Presse
Daniel Kretinsky, qui est entré au capital du groupe Le Monde en tant que petit minoritaire, dispose d’un accord écrit de Matthieu Pigasse qui lui permet, en théorie, de prendre le co-contrôle du groupe de presse. Enquête sur un oligarque tchèque qui intrigue, voire inquiète les journalistes.

Affable, courtois, souriant, et volontiers fuyant dans son français parfait à l’accent léger : ainsi décrit-on, chez Marianne, Daniel Kretinsky, le milliardaire thèque qui a racheté le titre en redressement judiciaire que son propriétaire Yves de Chaisemartin lui a vendu comme « la plus belle marque de presse de la République ». Mais depuis qu’il s’est engagé dans des négociations pour racheter les magazines de Lagardère, et surtout depuis qu’il a repris 49 % de la part de Matthieu Pigasse dans Le Monde, l’homme n’est plus simplement vu comme ce francophone et francophile ayant fait ses études à Dijon. Il est aussi un industriel venu de l’Est dont on s’interroge – Le Monde le premier – sur l’origine des fonds, sur l’empreinte carbone, sur sa présence dans des paradis fiscaux… L’intéressé, lui-même, s’est fendu d’un droit de réponse au quotidien dont il est actionnaire à la suite d’une copieuse enquête, pour rappeler que non, il n’avait pas décidé d’établir son groupe d'énergie EPH au Luxembourg pour des raisons fiscales : il payerait 15 % d’impôts en République tchèque, soit autant que dans le duché où des conventions prévoient un prélèvement de 10 % sur place et un autre de 5 % pour le pays d’un ressortissant tchèque. Quant aux îles vierges britanniques, ce serait pour ses deux catamarans…

À contre-courant

Mais qui est donc Daniel Kretinsky face aux médias ? « Un homme opportuniste qui n’hésite pas à ramer à contre-courant comme il l’a montré dans l’énergie », résume Jean-Clément Texier, président de Ringier France.
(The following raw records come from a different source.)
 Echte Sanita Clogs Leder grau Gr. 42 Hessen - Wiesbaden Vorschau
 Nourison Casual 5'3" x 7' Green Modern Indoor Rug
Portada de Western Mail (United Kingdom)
De même qu’il a tout misé sur le charbon à une époque où les grands groupes européens cherchaient à se débarrasser de leurs centrales thermiques polluantes, il n’a pas peur d’investir dans la presse dont les géants des médias cherchent à se retirer. « Ceux qui s’y intéressent sont moins nombreux et il y voit sans doute des opportunités, ajoute l’ancien banquier, sans oublier que c’est un accélérateur de visibilité pour celui qui est aussi propriétaire du club de foot de Prague et qui vit une saine émulation avec son rival Andrej Babis, le premier ministre tchèque également présent dans les médias. » 
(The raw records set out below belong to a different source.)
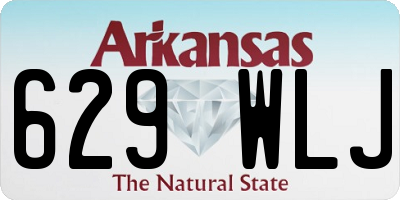 AR license plate 629WLJ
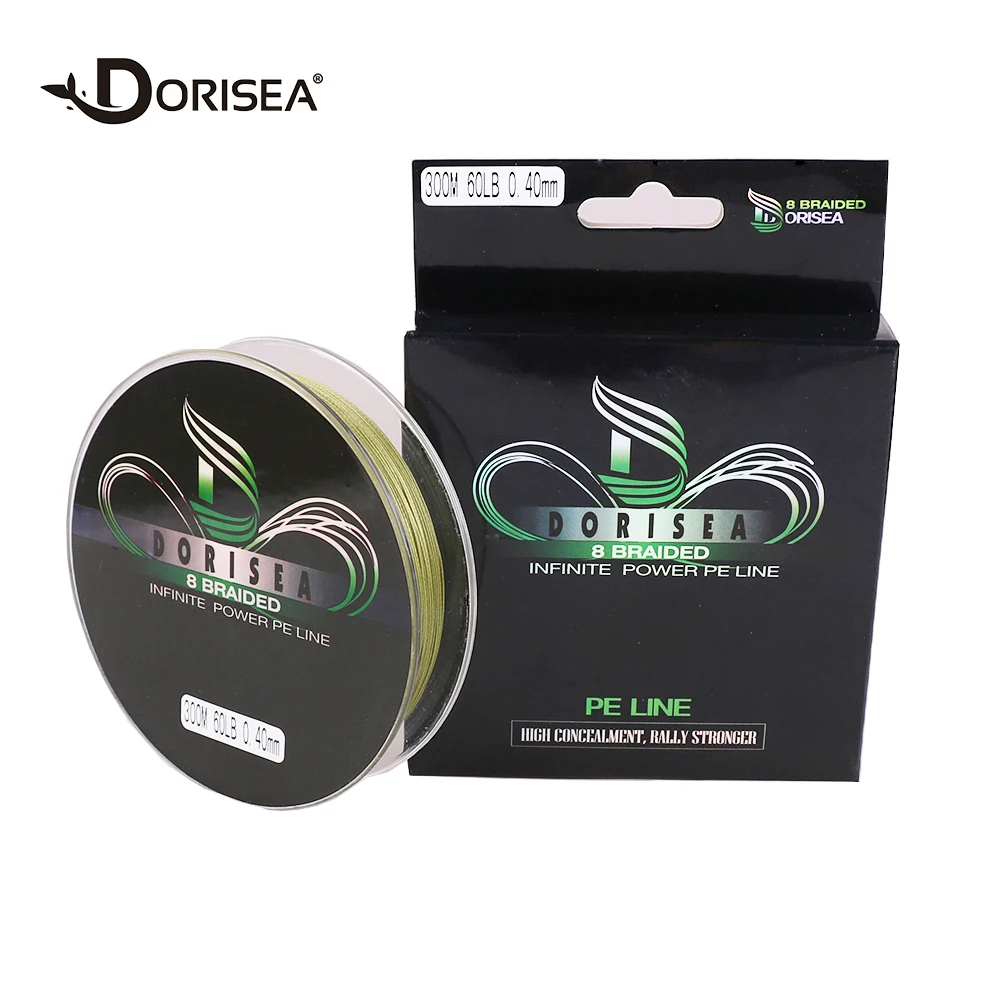 DORISEA 8 нитей 100 м 300 500 100% ПЭ плетеная многофиламентная 6 300LB рыболовная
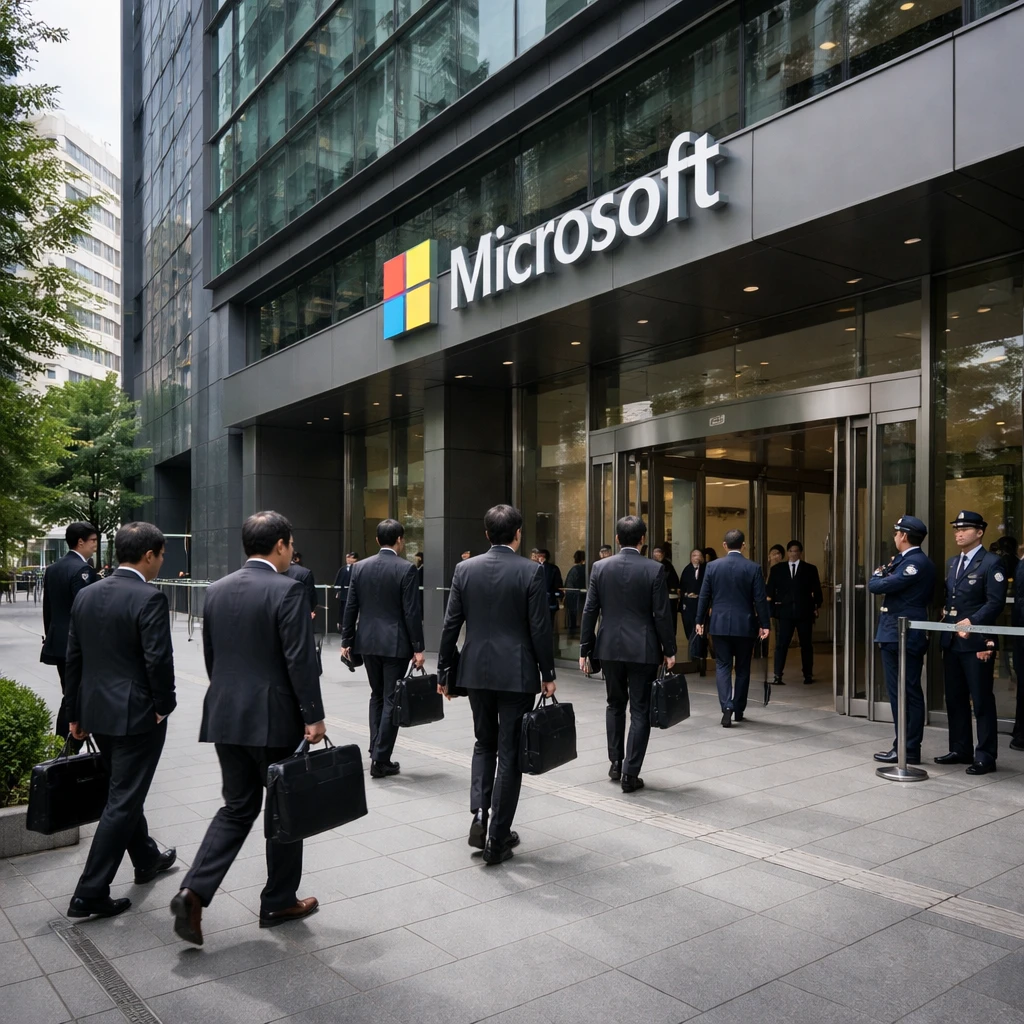Japan’s antitrust regulator raids Microsoft Japan offices in probe of Azure practices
Au moment où il a vendu à Daniel Kretinsky sa co-entreprise tchèque avec Axel Springer, en 2013, Marc Walder, le CEO de Ringier a toute de suite repéré chez cet interlocuteur rude mais « fair », et qui sait s’entourer de bons professionnels, un milliardaire capable d’aligner les zéros : il lui a assuré, avec son partenaire Patrik Tkac, une coquette plus-value en payant près de 200 millions d’euros la partie tchèque de sa joint-venture de presse. L’homme s’est alors rendu maître des journaux Blesk, Aha!, Sport, ABC ou Geo. Depuis, son bilan est sans tache du point de vue de Reporters sans frontières : « Nous n’avons aucun témoignage d’ingérence dans la ligne éditoriale des médias qu’il détient », dit-on au bureau des Balkans de RSF.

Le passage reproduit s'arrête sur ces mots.